The 1965 act requires federal review of voting plans that affect 40 North Carolina counties.

The ruling, combined with a similar decision Monday on state House and Senate districts, means the filing period for legislative and congressional races will begin as scheduled next week, said Johnnie McLean with the state Board of Elections. Primary elections are set for May 7.

A separate ruling Friday by a state judge in Smithfield threw the future of the legislative districts into doubt, however.

Superior Court Judge Knox Jenkins ruled the plan violated a provision of the state constitution to keep counties whole when drawing legislative districts.

The judge set a hearing for Wednesday to discuss possible remedies but said he could ultimately leave the drawing of new districts to lawmakers in 2003.

Attorneys for the state did not indicate whether they would appeal. They had argued the Voting Rights Act invalidated the constitutional requirement not to split counties.
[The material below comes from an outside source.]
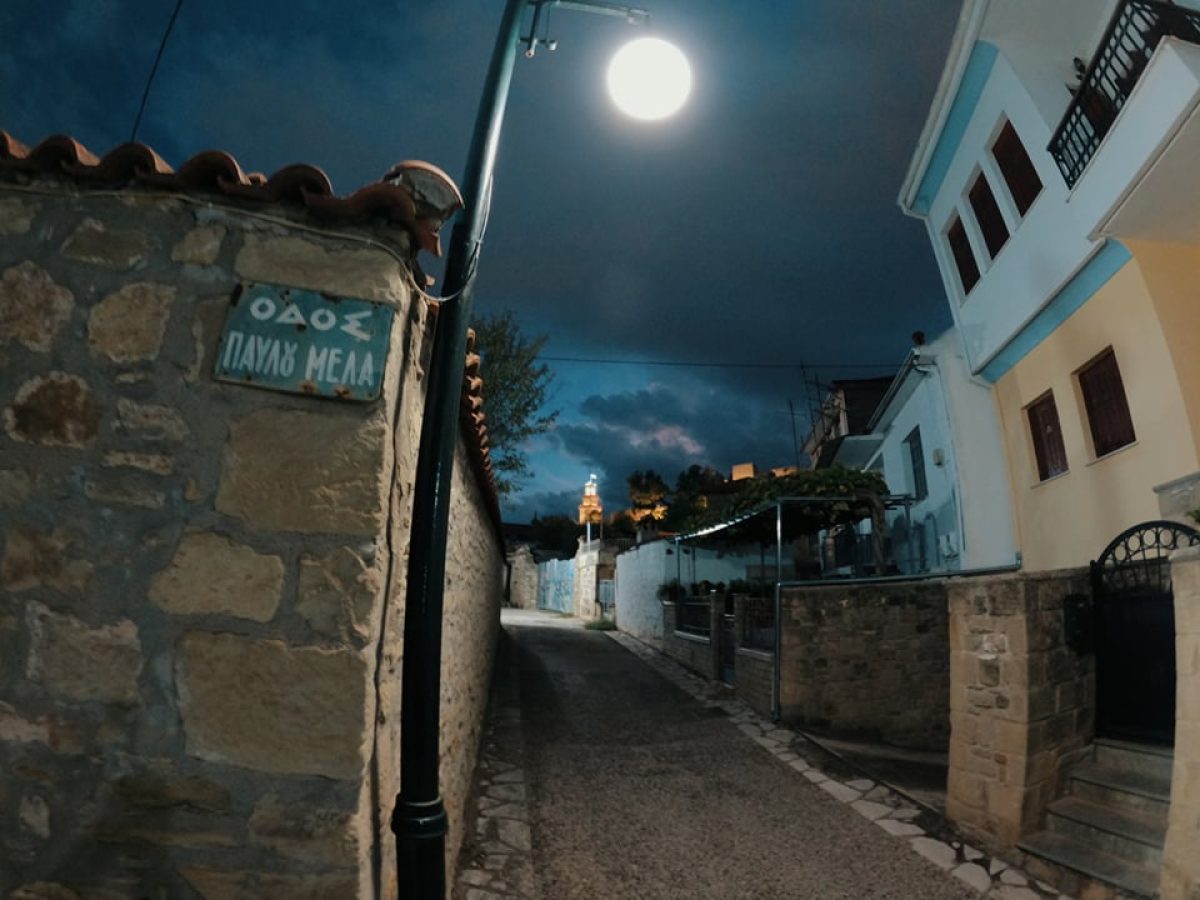 Ghostbusters κυνήγησαν… φάντασμα στο Βαρούσι (video)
'"One man, one vote' changed that. The landscape changed," said Tiare Smiley of the attorney general's office.

Republican lawmakers who sued over the state districts said they want the judge to stop the upcoming elections and force the Legislature to redraw the map.

"I would argue there is more irreparable harm to have legislators elected under unconstitutional maps," state Sen. Patrick Ballantine said.

Democratic House Speaker Jim Black said the new districts were both fair and legal.

"I do not believe voters want to elect members of the General Assembly from huge multimember districts as proposed by the plaintiffs," Black said.

North Carolina's new congressional map, approved by the General Assembly in December, corresponds to population changes reported in the 2000 census. The state was awarded an additional district as its population grew by 23 percent during the 1990s.

The map's authors say it will likely keep Republicans in six of the seven districts they now control, while giving Democrats an advantage in six other districts.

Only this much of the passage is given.